Roland Barthes, en sus Fragmentos de un discurso amoroso (Círculo de Lectores, 1997) lo explicaría de manera parecida: “¿Qué pienso del amor? –En resumen, no pienso nada. Querría saber lo que es, pero estando dentro lo veo en existencia, no en esencia. Aquello que yo quiero conocer (el amor) es la materia misma que uso para hablar (el discurso amoroso)”. “Excluido de la lógica –concluye más adelante- no puedo pretender pensar bien”.

Creo que esa es una de las cosas más perturbadoras del amor, del enamoramiento. Que simplemente sucede. Que no hay un acto previo de la voluntad. Ni siquiera un simulacro. Y que sólo se puede hablar de él desde fuera. Desde dentro, hay un incesante decir el amor, habitar sus figuras, desplazarse a través de ellas, reiterarlo. Porque en realidad uno no se enamora, se mira enamorarse, normalmente no sin cierto estupor. Como dicen en inglés, se cae en amor. El amor es un trance. Representar el amor es “representarme a mí mismo mi delirio”, para decirlo otra vez con las palabras de Roland Barthes.

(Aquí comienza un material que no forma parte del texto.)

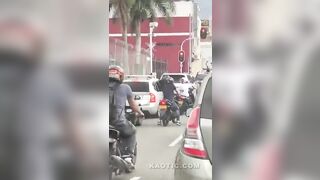 Driver Shoots Traffic Stop Robbers In Venezuela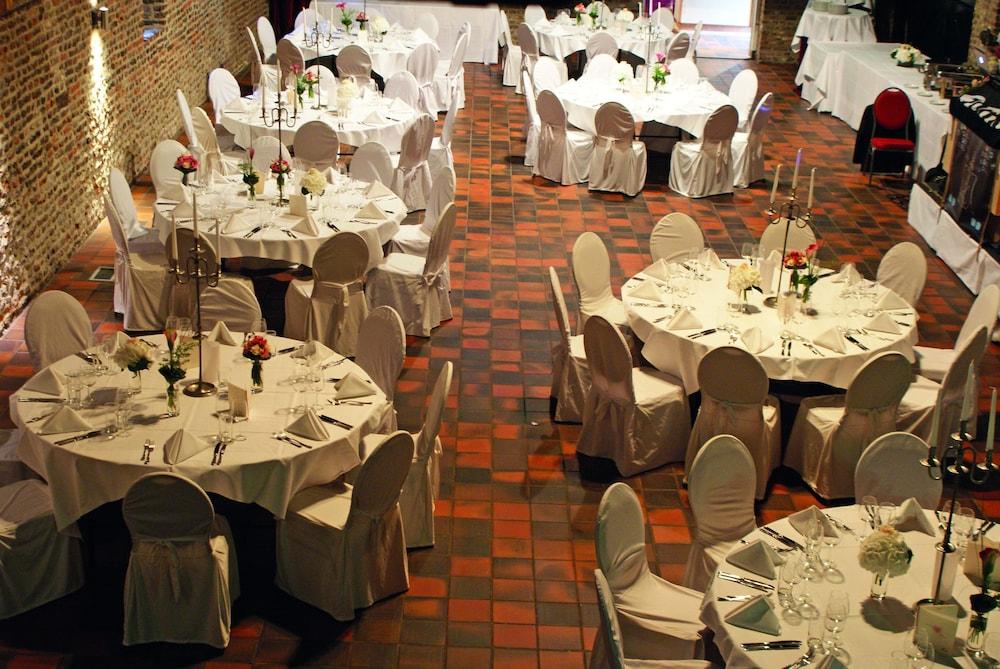 Fletcher Hotel-Restaurant Kasteel Erenstein Керкраде Екстериор снимка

Horacio Quiroga, en uno de sus Cuentos de amor, de locura y de muerte, editados por cierto en España por Menoscuarto en 2004, ejemplifica de manera excelente esta estructura de delirios cruzados.  Se titula “La meningitis y su sombra”, y es uno de mis relatos preferidos del volumen.

Carlos Durán, el protagonista, es requerido por la familia de su amigo Funes para que les ayude a paliar el sufrimiento de su hermana pequeña, Maria Elvira, gravemente enferma de meningitis. Al parecer, en su delirio, expresa un deseo intenso de verlo, precisamente a él. A pesar de sus resistencias y escepticismo, accede, y al entrar en la habitación de la enferma se enfrenta a la mirada deseante de dos ojos luminosos: “el mareado relampagueo de dicha –hasta el estrabismo- cuando me incliné sobre ellos, jamás en un amor normal a treinta y siete grados los volveré a hallar”. ¿Pero es que el amor, por definición, puede calificarse de “normal”? ¿Es la temperatura corporal suficiente indicio de la ausencia de delirio?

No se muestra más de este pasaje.